- Portrayed by: Kelly Campbell (1973–74) Maura Gilligan (1975–79) Tracy O'Neil (1980–81) Melaney Candel (1982) Helene Udy (1982–83) Terri VandenBosch (1983–84) Julianne Moore (1985–88, 2010) Mary Ellen Stuart (1989–92) Mary Fox Kane (1991)
- Duration: 1973–1992; 2010;
- First appearance: 1973
- Last appearance: April 5, 2010
- Created by: Robert Soderberg and Edith Sommer
- Introduced by: Joe Willmore (1973); Robert Calhoun (1985); Christopher Goutman (2010);

= Frannie Hughes =

Frances Jennifer "Frannie" Hughes (formerly Crawford) is a fictional character on the daytime soap opera As the World Turns played by several actresses from 1973 to 1992. Frannie was most notably portrayed by future Academy Award winner Julianne Moore, from April 2, 1985, to May 1988 and April 5, 2010.

==Storylines==
Frances "Frannie" Hughes was born to Bob and Jennifer Hughes. Though the character was born onscreen in 1973, in a later storyline her birth year was said to be 1965, for a story where the character was age 20 in 1985.

Frannie's parents, and Jennifer's sister Kim, were involved in a complicated situation; Kim and Bob had feelings for each other, and in the storyline, Bob had a pregnant wife (Jennifer) as well as a pregnant mistress (Kim). Kim miscarried her baby, while Jennifer gave birth to Frannie. Jennifer died when Frannie was a toddler and she was raised by her father and grandparents. Even though she grew up motherless, Frannie was surrounded by family, and she grew to see Kim as a mother figure in later years.
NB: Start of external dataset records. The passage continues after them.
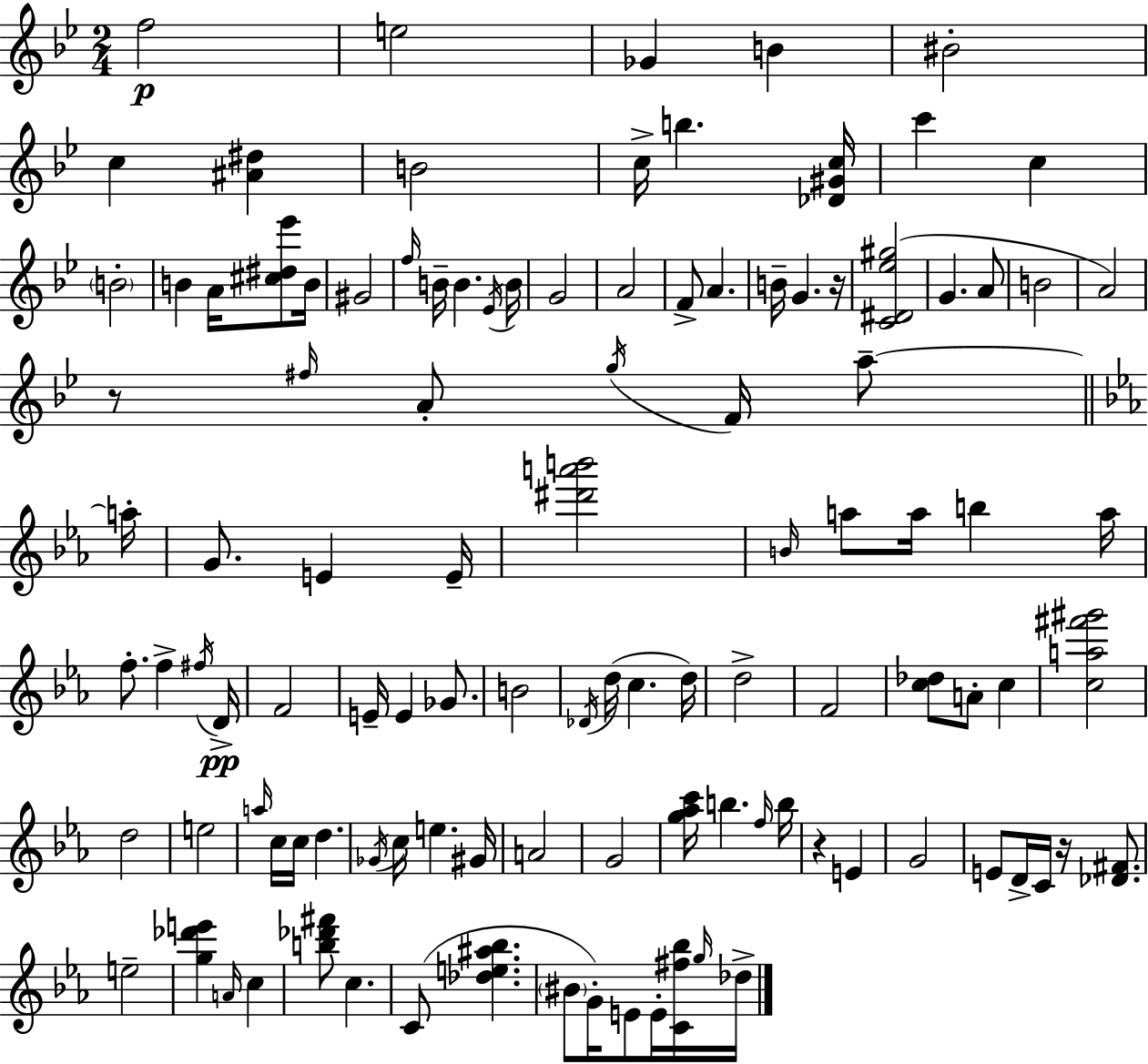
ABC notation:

X:1
T:Untitled
M:2/4
L:1/4
K:Bb
f2 e2 _G B ^B2 c [^A^d] B2 c/4 b [_D^Gc]/4 c' c B2 B A/4 [^c^d_e']/2 B/4 ^G2 f/4 B/4 B _E/4 B/4 G2 A2 F/2 A B/4 G z/4 [C^D_e^g]2 G A/2 B2 A2 z/2 ^f/4 A/2 g/4 F/4 a/2 a/4 G/2 E E/4 [^d'a'b']2 B/4 a/2 a/4 b a/4 f/2 f ^f/4 D/4 F2 E/4 E _G/2 B2 _D/4 d/4 c d/4 d2 F2 [c_d]/2 A/2 c [ca^f'^g']2 d2 e2 a/4 c/4 c/4 d _G/4 c/4 e ^G/4 A2 G2 [g_ac']/4 b f/4 b/4 z E G2 E/2 D/4 C/4 z/4 [_D^F]/2 e2 [g_d'e'] A/4 c [b_d'^f']/2 c C/2 [_de^a_b] ^B/2 G/4 E/2 E/4 [C^f_b]/4 g/4 _d/4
Since Frannie was so well adjusted, her family was shocked when she flunked out of Yale after one year. When Frannie returned to Oakdale, her old boyfriend, Kevin Gibson, followed her, hoping to repair their relationship. The relationship was rocky with Kevin because of paternity issues with his ex-girlfriend, Marie, and they broke up.

Next, Frannie dated club owner Doug Cummings; they became engaged by Christmas 1985. He turned out to be a psychotic who also worshiped her Aunt Kim (and Frannie's new step-mother with her marriage to Bob) and he longed to make a family with Kim and Frannie. He had even built a hidden shrine to Kim. As Doug was about to rape an unconscious Frannie, he was murdered; her former boyfriend Kevin helped come to the rescue and died in the fight. Eventually, it was revealed both Doug and Kevin were killed by Doug's love-starved assistant Marsha Talbot and Frannie was cleared, but not before Marsha kidnapped Frannie. Frannie was rescued by man who would be her next boyfriend, Casey Peretti. Despite Casey being hailed as a hero, Frannie realized she wasn't in love with Casey and thought it unkind to him to string him along.
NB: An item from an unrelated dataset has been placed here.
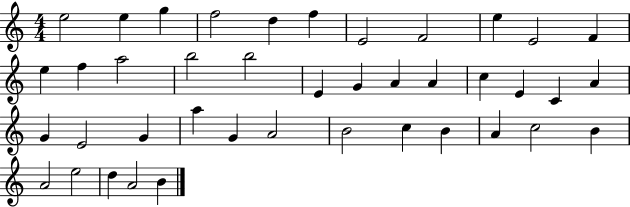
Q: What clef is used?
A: treble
Soon after, Frannie studied psychology at Oxford. While in England, Frannie saw a woman who closely resembled her. After some sleuthing, she learned the woman, Sabrina, was her own half-sister and cousin! Sabrina was the child Kim believed she'd miscarried years ago, and was very close in age to Frannie (since Kim and Jennifer had been pregnant at roughly the same time). A sibling rivalry developed between Frannie and Sabrina; Frannie had become engaged to Seth Snyder, but when Sabrina tricked Seth into sleeping with her (because of their similar looks), Frannie was unable to reconcile the relationship and they broke up. Eventually, Frannie forgave Sabrina and they became fairly close.

Back in Oakdale and now a psychologist, Frannie dated Dr. Larry McDermott before eventually marrying businessman Darryl Crawford. When Darryl became the prime suspect in the murder of Carolyn Crawford, his first wife, the evidence mounted against him and Frannie became terribly frightened of her new husband. When Darryl was proven innocent, Frannie couldn't forgive herself for doubting him and gave him a divorce. Frannie then left Oakdale to help refugees in Montega.

Several years later, Frannie and her sister decided to go to Haiti to aid in the relief efforts following that country's devastating earthquake. Before going, Frannie stopped by Oakdale to celebrate her parents' wedding anniversary.